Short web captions
* * * *

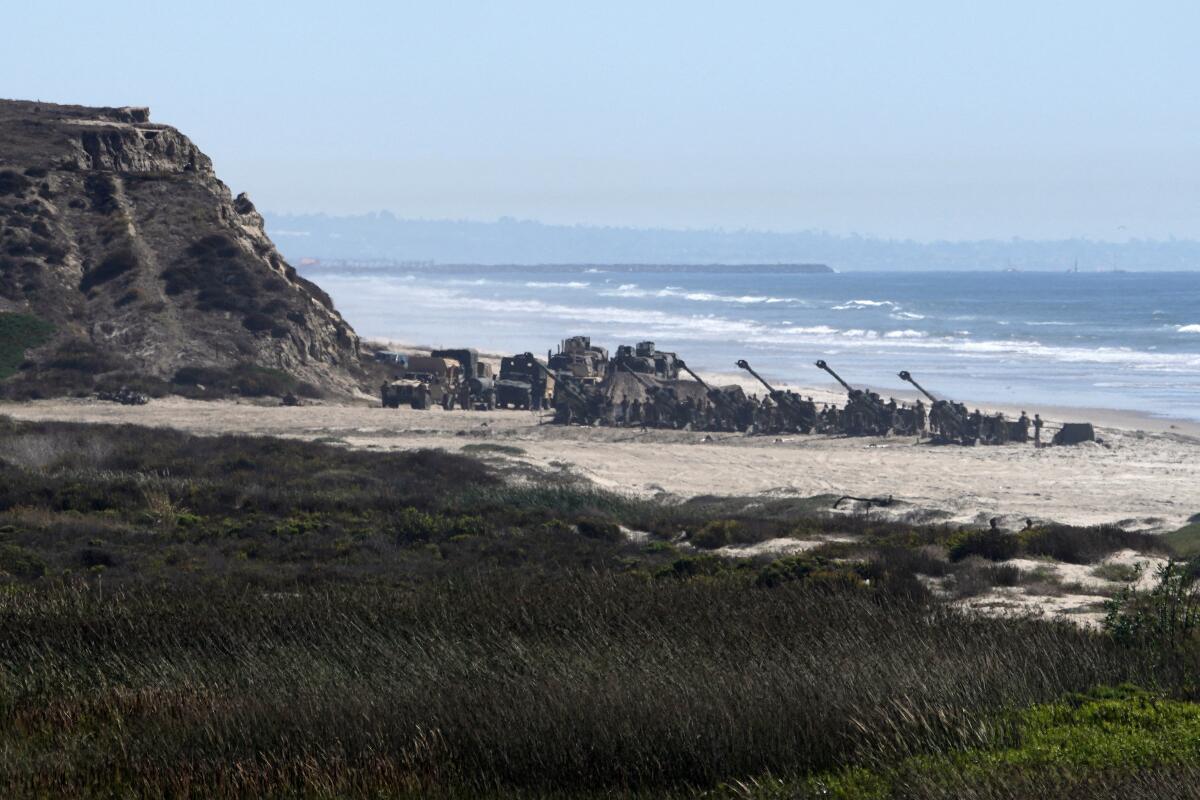 Marines conduct a military exercise on the beach.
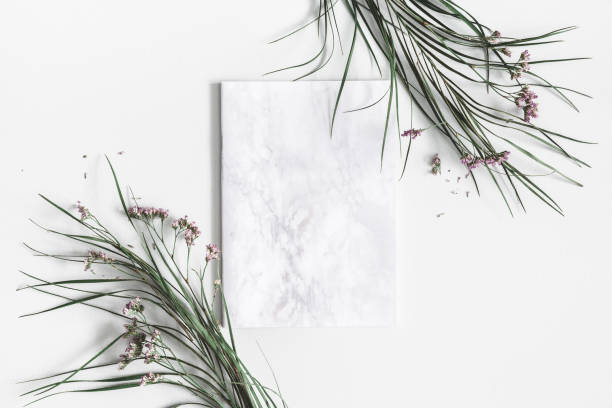 istock Flowers composition. Notepad, dried leaves and flowers on pastel gray background. Flat lay, top view, copy space 1130299231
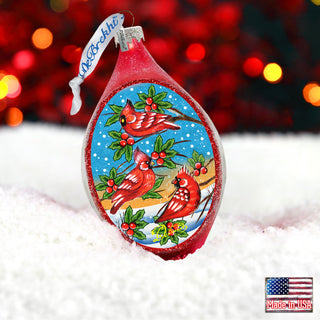 a christmas ornament with a red bird on it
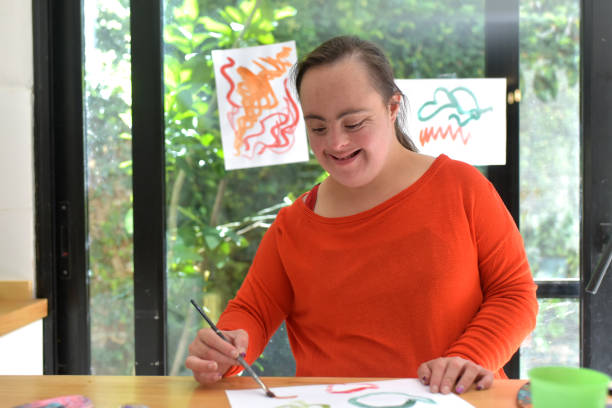 istock girl with syndrome down painting 1388463702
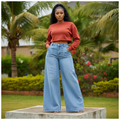 Nigerian female model wearing women's light blue high-waist extra wide-leg palazzo denim jeans, garden setting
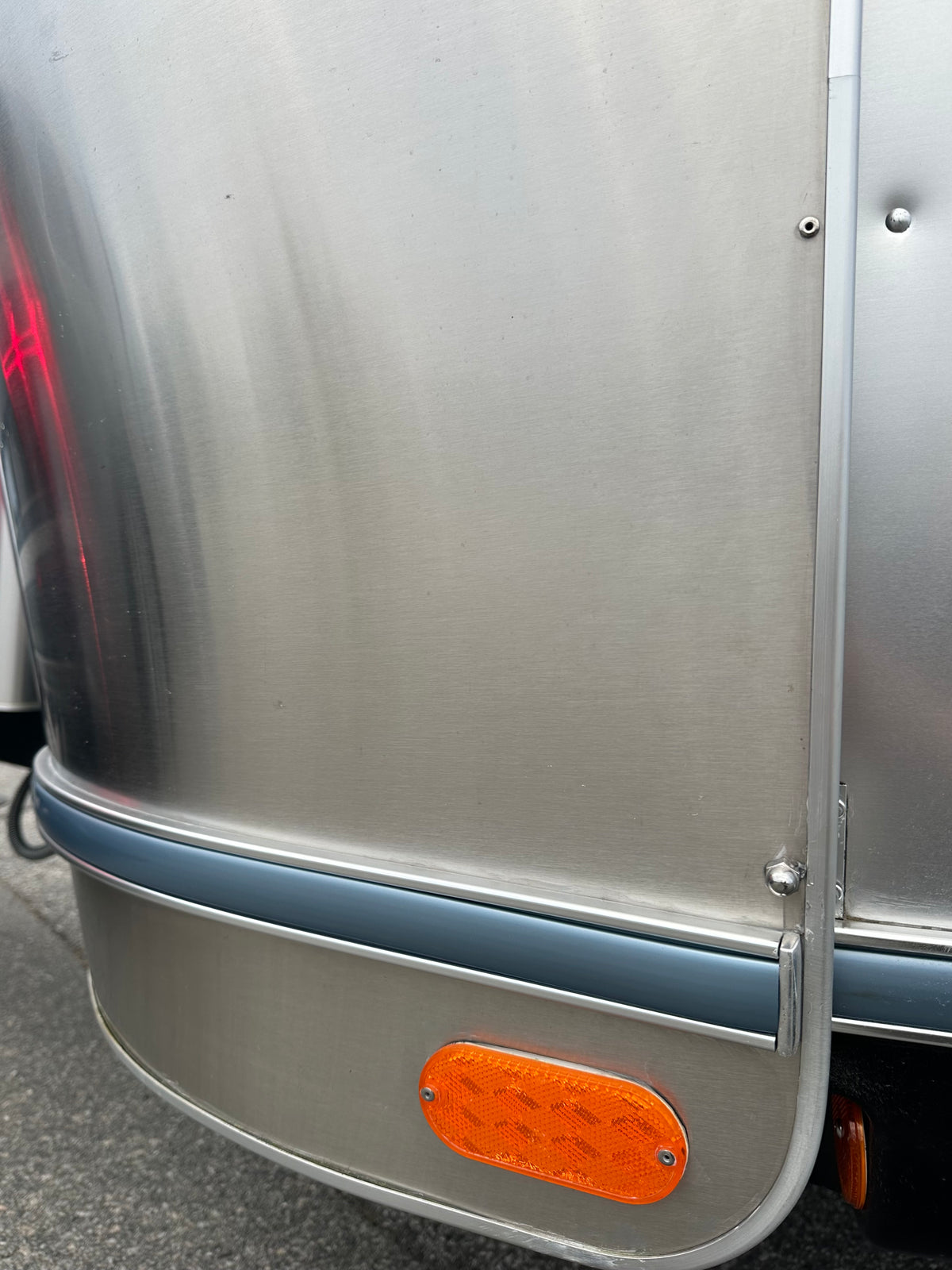 Close-up of a polished silver trailer featuring a visible seam, blue trim, and an orange reflector near the lower right corner—classic characteristics of riveted aluminum Airstream design. The blue trim highlights the Airstream Premium Replacement Rub Rail for Travel Trailers. Asphalt surface is visible in the background.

* * * *

◆ What is expected:
Your copy should match the records above exactly, apart from the pictures, which stay out.

◆ Exercise result:
 Marines conduct a military exercise on the beach.
 istock Flowers composition. Notepad, dried leaves and flowers on pastel gray background. Flat lay, top view, copy space 1130299231
 a christmas ornament with a red bird on it
 istock girl with syndrome down painting 1388463702
 Nigerian female model wearing women's light blue high-waist extra wide-leg palazzo denim jeans, garden setting
 Close-up of a polished silver trailer featuring a visible seam, blue trim, and an orange reflector near the lower right corner—classic characteristics of riveted aluminum Airstream design. The blue trim highlights the Airstream Premium Replacement Rub Rail for Travel Trailers. Asphalt surface is visible in the background.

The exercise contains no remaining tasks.